• [Excerpts from a dataset]
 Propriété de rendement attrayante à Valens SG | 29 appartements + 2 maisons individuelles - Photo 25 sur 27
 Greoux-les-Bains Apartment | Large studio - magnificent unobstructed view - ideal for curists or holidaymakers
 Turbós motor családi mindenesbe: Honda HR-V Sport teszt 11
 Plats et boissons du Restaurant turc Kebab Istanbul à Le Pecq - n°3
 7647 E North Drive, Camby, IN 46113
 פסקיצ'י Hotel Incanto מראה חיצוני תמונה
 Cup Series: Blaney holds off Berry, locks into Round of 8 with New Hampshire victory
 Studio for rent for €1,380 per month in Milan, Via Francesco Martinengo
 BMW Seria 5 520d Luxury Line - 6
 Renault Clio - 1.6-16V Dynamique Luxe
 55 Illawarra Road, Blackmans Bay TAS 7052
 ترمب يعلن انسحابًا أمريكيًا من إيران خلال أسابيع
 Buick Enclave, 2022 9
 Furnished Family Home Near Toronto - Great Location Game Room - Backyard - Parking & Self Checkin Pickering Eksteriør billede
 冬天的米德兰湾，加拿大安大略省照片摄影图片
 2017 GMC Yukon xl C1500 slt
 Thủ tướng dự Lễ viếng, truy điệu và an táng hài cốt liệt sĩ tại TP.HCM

• [WHAT NEEDS TO BE DONE]
Restate word for word the entries above, starting at the line with "Greoux-les-Bains Apartment |" and ending at the line with "Renault Clio - 1.6-16V Dynamique Luxe", inclusive, and no others.

• [OUTPUT FOR THIS TASK]
 Greoux-les-Bains Apartment | Large studio - magnificent unobstructed view - ideal for curists or holidaymakers
 Turbós motor családi mindenesbe: Honda HR-V Sport teszt 11
 Plats et boissons du Restaurant turc Kebab Istanbul à Le Pecq - n°3
 7647 E North Drive, Camby, IN 46113
 פסקיצ'י Hotel Incanto מראה חיצוני תמונה
 Cup Series: Blaney holds off Berry, locks into Round of 8 with New Hampshire victory
 Studio for rent for €1,380 per month in Milan, Via Francesco Martinengo
 BMW Seria 5 520d Luxury Line - 6
 Renault Clio - 1.6-16V Dynamique Luxe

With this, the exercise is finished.